# FLUSH HU in Bezel... any ideas?



## DAT (Oct 8, 2006)

Well I'm trying to flush mount a friends Panny unit in his Mitusbishi Montero Dash.. 

Problems:

1. dash tappers at bottom 
2. the factory mount kit is currently in use as I can not find a DD kit for his truck. ( factory had Din + small din glovebox )

I want to flush his headunit in the dash and make it look normal. At the moment I can not find any mounting holes on the Panny that will allow me sink it down in the dash.

Any ideas would be great. As you can see the brackets mount on the side on the HU and then side down on a bar on each side of the dash for extra support.

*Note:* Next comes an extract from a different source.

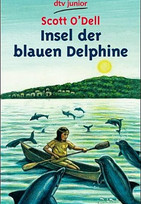 Die Insel der blauen Delphine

At the moment I'm thinking of making different brackets similar to factory ones but that's much time consuming. 









*
You can see the bar on the left side down in the dash that's what the bracket slides down.*


----------



## DAT (Oct 8, 2006)




----------



## ween (Mar 12, 2009)

hi,
drill new holes in the side brackets. mount the radio in the existing holes in the brackets, then in the dash...like the last pic in the first post shows. measure with a ruler how far back the radio needs to be at the top and bottom (for your idea of flush)...appears to be different, sticking further out at the bottom. locate holes further back on the factory brackets the appropriate distances. you may want to make the holes a size or two larger to allow for slight adjustments, a step drill works well for that. you may also need different hardware, pan head screw with larger head, M5 thread. don't go too long with thread length/depth, should be marked on radio chassis. also if you can find internal/external thread lock washers, use at least four of them...two per side. they'll help locate the unit squarely in the dash. as for trimming off the radio itself, a visit to a stereo shop should be able to get you a double din bezel from an aftermarket radio, or installation accessories company, if you don't already have one.
m


----------



## DT053 (Mar 23, 2007)

Hey Dave,

here's a couple of links that might help. Although these may be a little extreme, it should give you a lot of pointers. If I can help let me know.

dT

How-To: Recessed Screen and DVD Drive - MP3Car.com

HOWTO: Building a removable LCD screen bezel and mount - MP3Car.com

Both came from this page.

http://www.mp3car.com/vbulletin/fabrication/


----------